Some of the meals I've made for the Elimination Diet have actually been so delicious (and easy!) that I will keep them in our meal rotation, even after I'm off this blasted diet. This salmon dinner is definitely one of them. I will admit that our grocery budget has gone up since I started this diet, because unfortunately cleaner, healthier, and fresher foods cost more. We are still cautious about how much we spend, but it's unavoidable in some ways.
This diet has also forced me to be much more creative in the kitchen, which is fun. Now that I have a good grasp of what I can/can't eat, I am able to improvise some meals, either by altering recipes or gathering what I can find in the pantry. This recipe is a collection of a few different ones I've made in the past. It's fast and easy because the salmon cooks very quickly, and you can throw together the avocado and cucumber salad while it's roasting.

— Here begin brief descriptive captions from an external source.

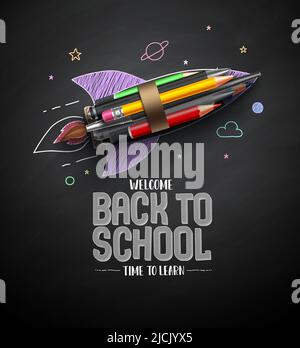 Welcome back to school vector design. Rocket ship launch made with learning arts supplies in blackboard background. Vector Illustration. Stock Vector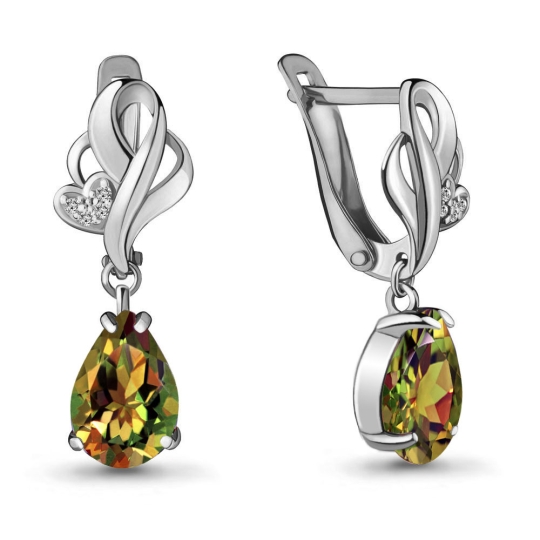 Серьги из серебра с фианитами 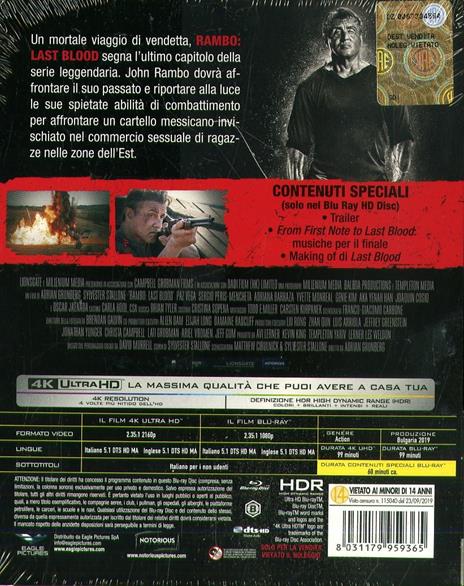 Rambo. Last Blood (Blu-ray + Blu-ray Ultra HD 4K) di Adrian Grunberg - Blu-ray + Blu-ray Ultra HD 4K - 2
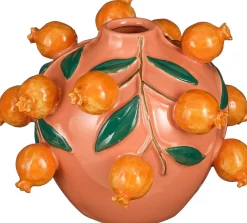 Mica Decorations vaas Melika oranje D 22,5 H 17,5 cm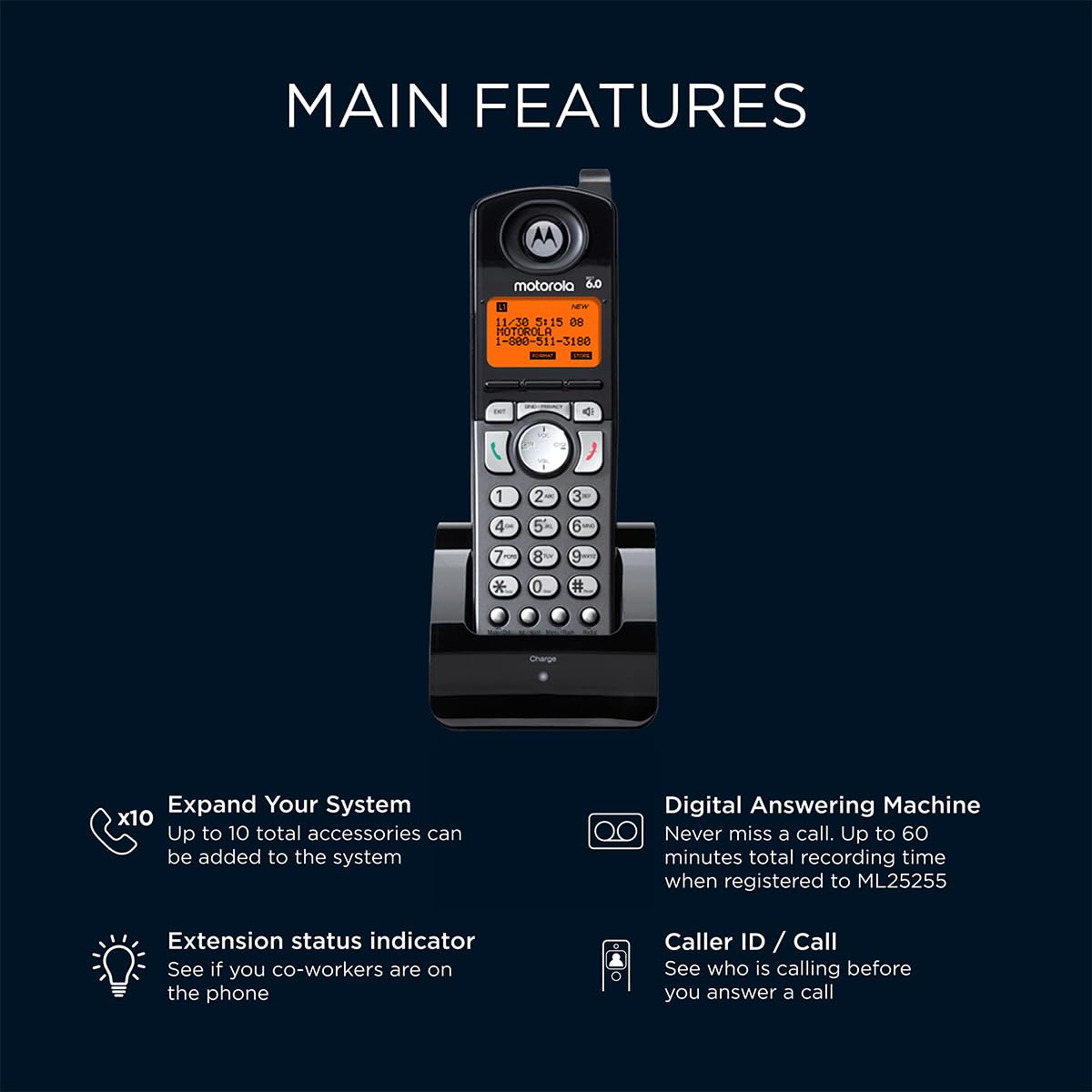 Motorola ML25055 DECT 6.0 Accessory Handset for 2-line Business Phone, Black,
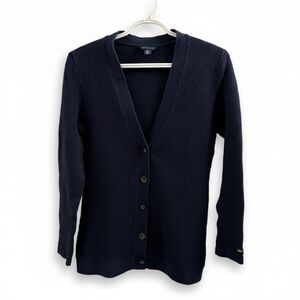 Tommy Hilfiger | Navy Blue Textured Knit Button Down Cardigan Sweater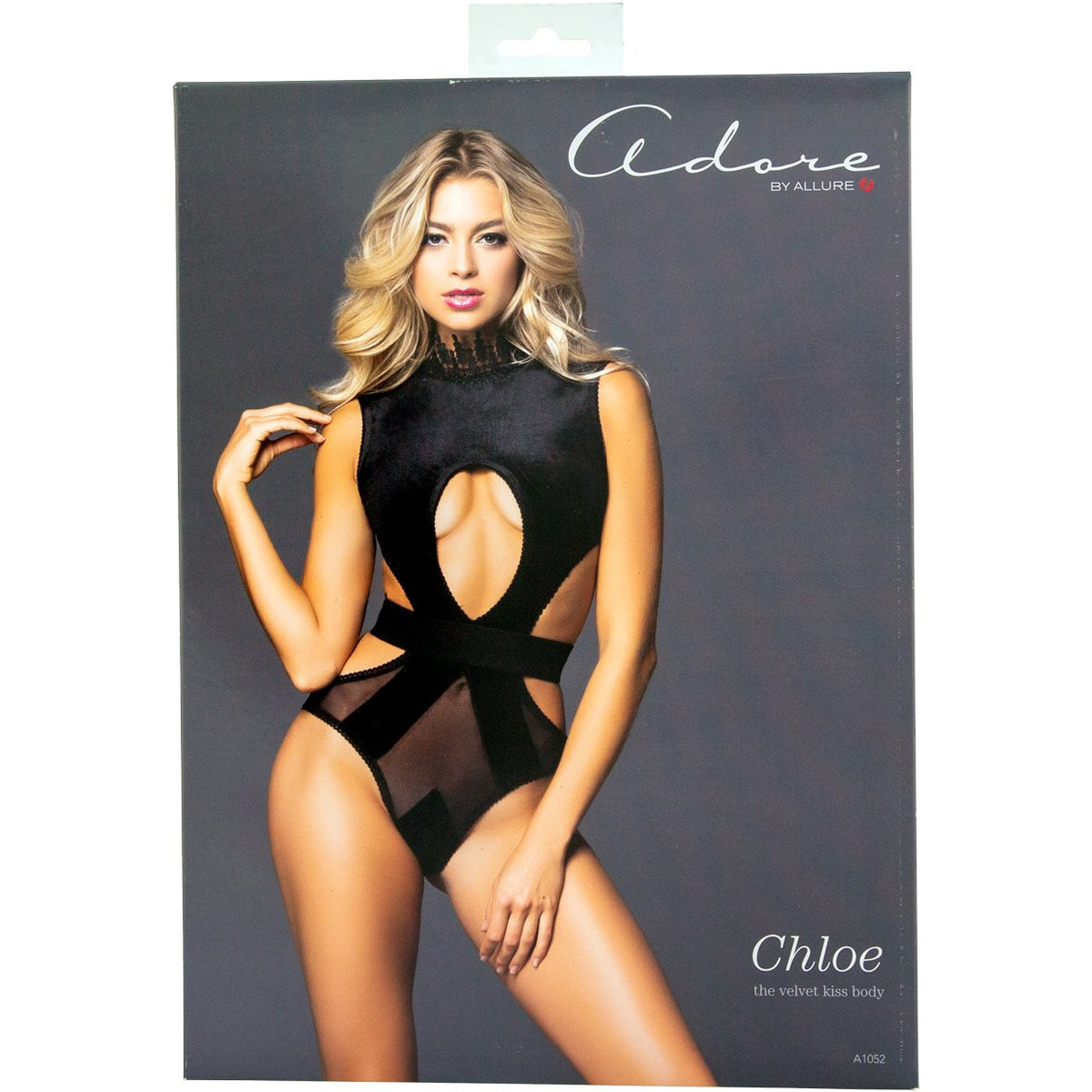 Allure Adore – Chloe Velvet Bodysuit – Black - Large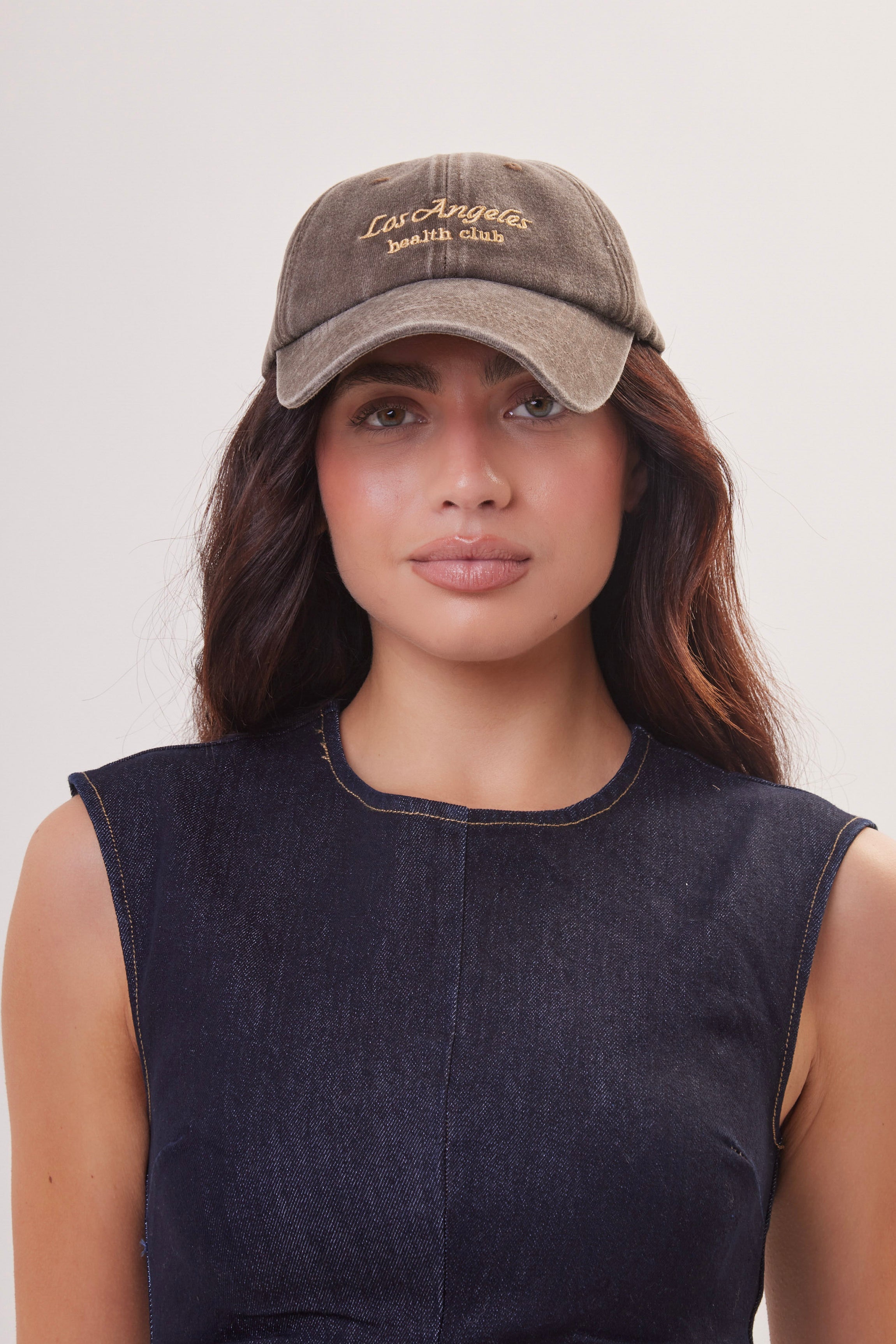 Los Angeles Health Club Baseball Cap in Washed Brown - Baseball Cap - My Accessories London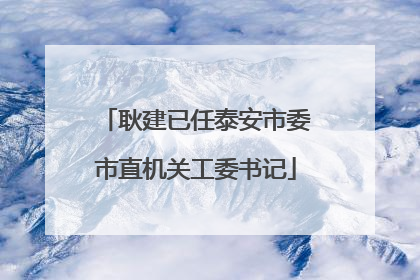 耿建已任泰安市委市直机关工委书记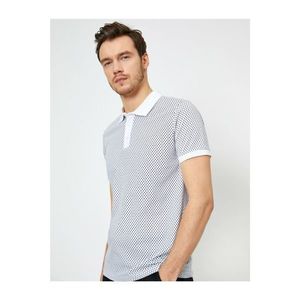 Koton Men's Gray Polo Neck Geometric Patterned Slim Fit T-Shirt vyobraziť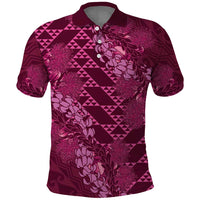 Pink Aloha Hawaii Polo Shirt Hawaiian Kakau Ohia Lehua Lei LT14 Pink - Polynesian Pride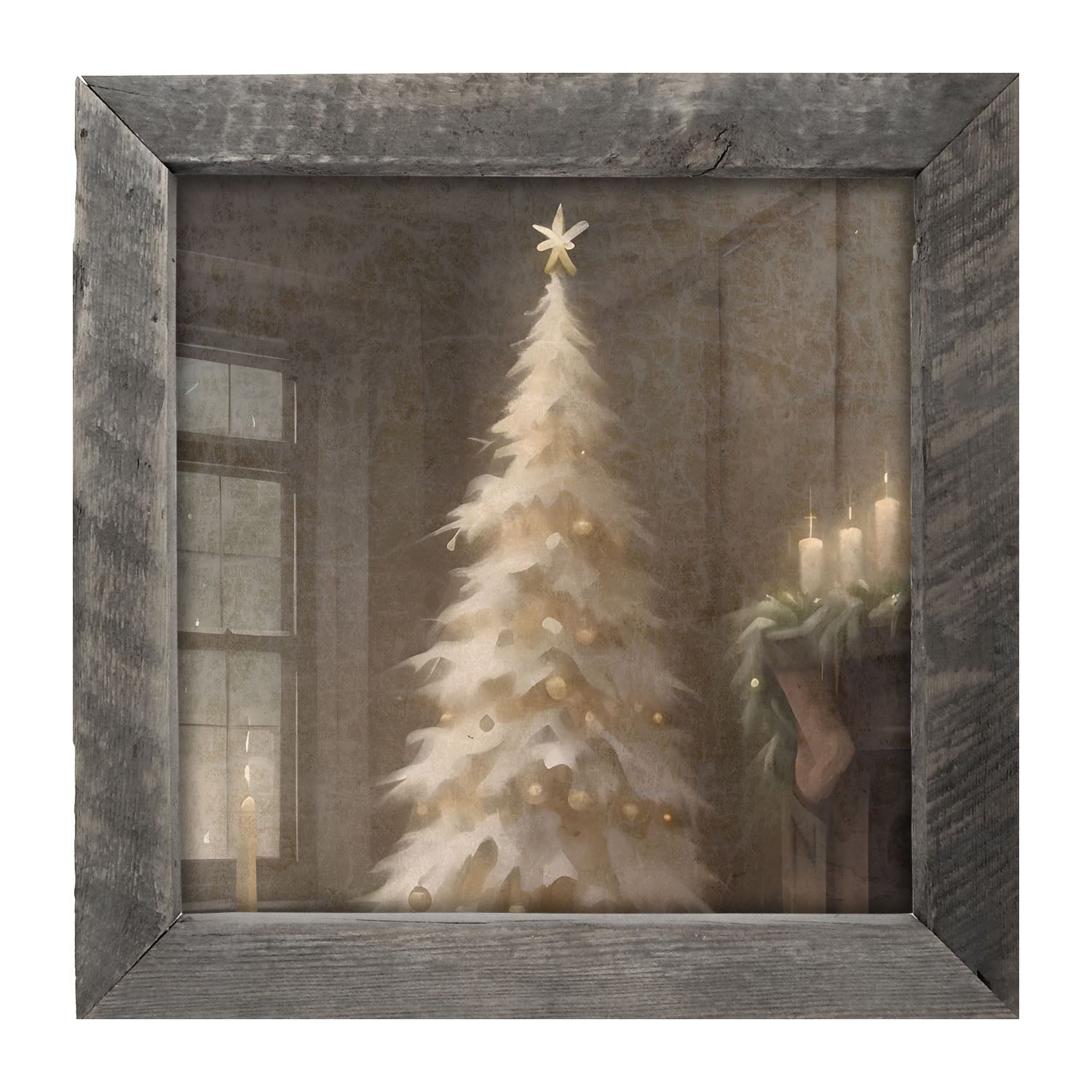 Gold and white Christmas tree - Framed art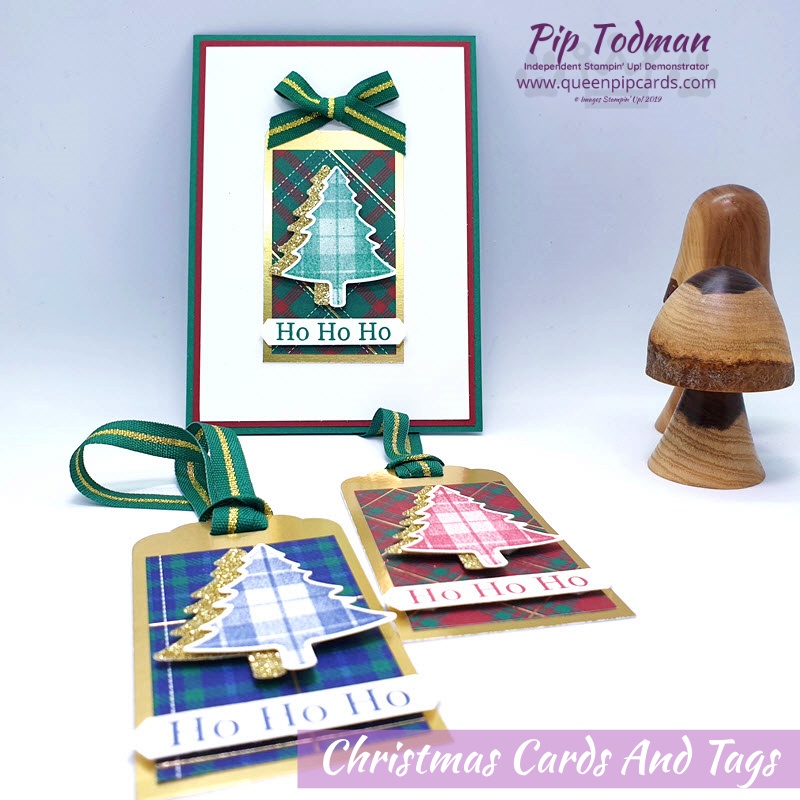 Christmas Cards and Tags featuring the gorgeous Perfectly Plaid suite! Pip Todman www.queenpipcards.com Stampin' Up! Independent Demonstrator UK 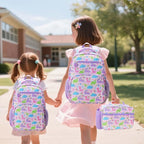 RHCPFOVR Kids Backpack for Girls - Girls Backpack 3-8 Ages Dinosaur for Kids 15 Inch School Bookbag for Kindergarten Elementary School Bookbag for Girl 1st 2nd Grade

Skillet Salmon with Avocado Cucumber Salad
2-4 salmon fillets, skin removed
2 TBS olive oil
2 ripe avocados, pitted and diced
1 large cucumber, de-seeded and diced
Pre-heat the oven to 450.
Lay the salmon on a flat surface and generously salt/pepper each side of the fillets. Put the olive oil in an oven-proof skillet (if the handle is not oven-proof, you can wrap it in foil), and bring it up to high heat. When the oil is almost smoking, place the salmon fillets in and let them sear for about 3-4 minutes so they form a nice crust.
After, flip the fillets over carefully, and place the skillet into the pre-heated oven, until the fish cooks through, about 7-8 minutes (depending on the thickness). While it's cooking, combine the diced avocado and cucumber in a bowl, and season with salt, pepper and lemon juice to taste.
When the fish is done, squeeze more lemon over the top and serve immediately.